No objection was made by the defendant's trial counsel to any of the instructions on the law of self-defense. In the absence of an objection, we inquire only whether the charge as given created "a substantial risk of a miscarriage of justice." Commonwealth v. Freeman, 352 Mass. 556 , 564 (1967). We conclude that there was no such risk for the following reasons.
(a) The judge explicitly stated several times in the course of the charge that the Commonwealth had the burden of proving beyond a reasonable doubt every element of the crimes charged, including the fact that the defendant had not acted in self-defense. Moreover, in his supplementary instructions, see note 4, supra, the judge advised the jury that to convict they had to be "convinced by the Commonwealth beyond a reasonable
doubt . . . that the defendant . . . wasn't reasonable because he used more force than is necessary." Viewed as a whole, we think the charge was sufficiently clear for the jury to understand that the burden of proof on the excessive force issue, and on the question of self-defense, rested with the Commonwealth. See Commonwealth v. Sellon, 380 Mass. 220 , 231-232 (1980); Commonwealth v. Doucette, 391 Mass. 443 , 450 (1984).
(b) The judge's use of the "finding" language quoted above occurred in only one isolated portion of a forty-four page set of instructions which, considered as a whole, more than adequately described the burden of proof. That portion involved instruction of the jury on the so called "castle" law, G. L. c. 278, Section 8A, inserted by St. 1981, c. 696, which eliminates, in certain circumstances, the duty to retreat on the part of someone attacked in his home. See Commonwealth v. Gregory, 17 Mass. App. Ct. 651 (1984). The defendant was not even entitled to an instruction on the application of G. L. c. 278, Section 8A, since that law was enacted after these crimes had occurred. In view of the unwarranted benefit given the defendant, the isolated nature of the reference, and the clarity and correctness of the over-all charge, we see nothing in the "finding" language which would provide a basis to invalidate the convictions. See Connolly v. Commonwealth, 377 Mass. at 535; Commonwealth v. Albert, 391 Mass. 853 , 859 (1984); Commonwealth v. Messere, 14 Mass. App. Ct. 1 , 9 (1982).
3. The defendant brought a pretrial motion in limine to exclude any reference at trial to the drugs found at his home. In denying the motion, the judge indicated his view that the evidence was relevant to the defendant's motive or intent. At trial, the defendant objected to Trooper Manzi's testimony concerning the amount of drugs seized and their value. The evidence was admitted with the copious limiting instruction set forth in the margin. [Note 9] The instruction was given a second time
during the prosecutor's cross-examination of the defendant concerning the location, amount, type and value of the drugs, and was restated for a third time in the final jury instructions. The defendant argues that the evidence was not relevant, or if relevant, that its probative value was outweighed by the prejudice it would cause.

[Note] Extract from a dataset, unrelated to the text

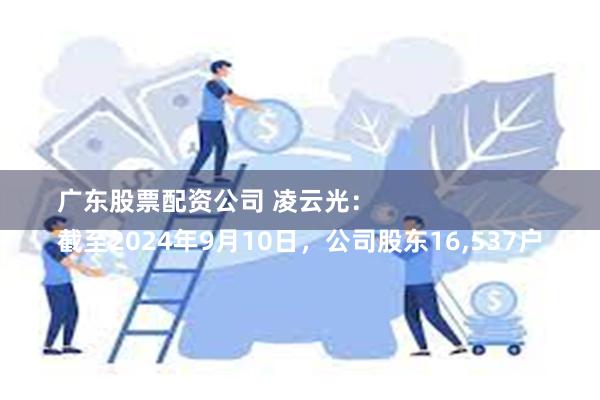 广东股票配资公司 凌云光：
截至2024年9月10日，公司股东16,537户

While evidence of other crimes is, of course, not admissible to prove the commission of the crimes with which a defendant is charged, see Commonwealth v. Brown, 389 Mass. 382 , 384 (1983), it may be admissible to establish motive or intent. See Commonwealth v. Young, 382 Mass. 448 , 462-463 (1981); Commonwealth v. Bradshaw, 385 Mass. 244 , 269 (1982). We think the jury reasonably could have inferred from the evidence that a credible motive for the defendant's shooting at the troopers was his desire to protect his valuable stash of drugs. The defendant himself admitted that he kept three handguns in his bedroom, that he dealt in drugs, and that at the time of the incident he had drugs in his home with a value of at least $100,000. Without the evidence of the drug cache, the jury would not have known why the police were attempting to enter the defendant's home or what reason the defendant may have had, other than self-defense, to shoot at them. The evidence thus had a direct and substantial connection with the facts on trial. We think the evidence was relevant, properly admitted
in the judge's discretion, and carefully circumscribed by the twice-repeated limiting instruction. [Note 10]
4. After the jury verdicts were returned, the defendant was sentenced to terms of seven to ten years of imprisonment on each of the convictions of assault with intent to kill and five to seven years of imprisonment on the conviction of assault and battery by means of a dangerous weapon. [Note 11] The sentences were made concurrent with one another but were ordered to be served on and after the sentences the defendant was then serving on the drug and firearm charges arising out of the same incident. [Note 12]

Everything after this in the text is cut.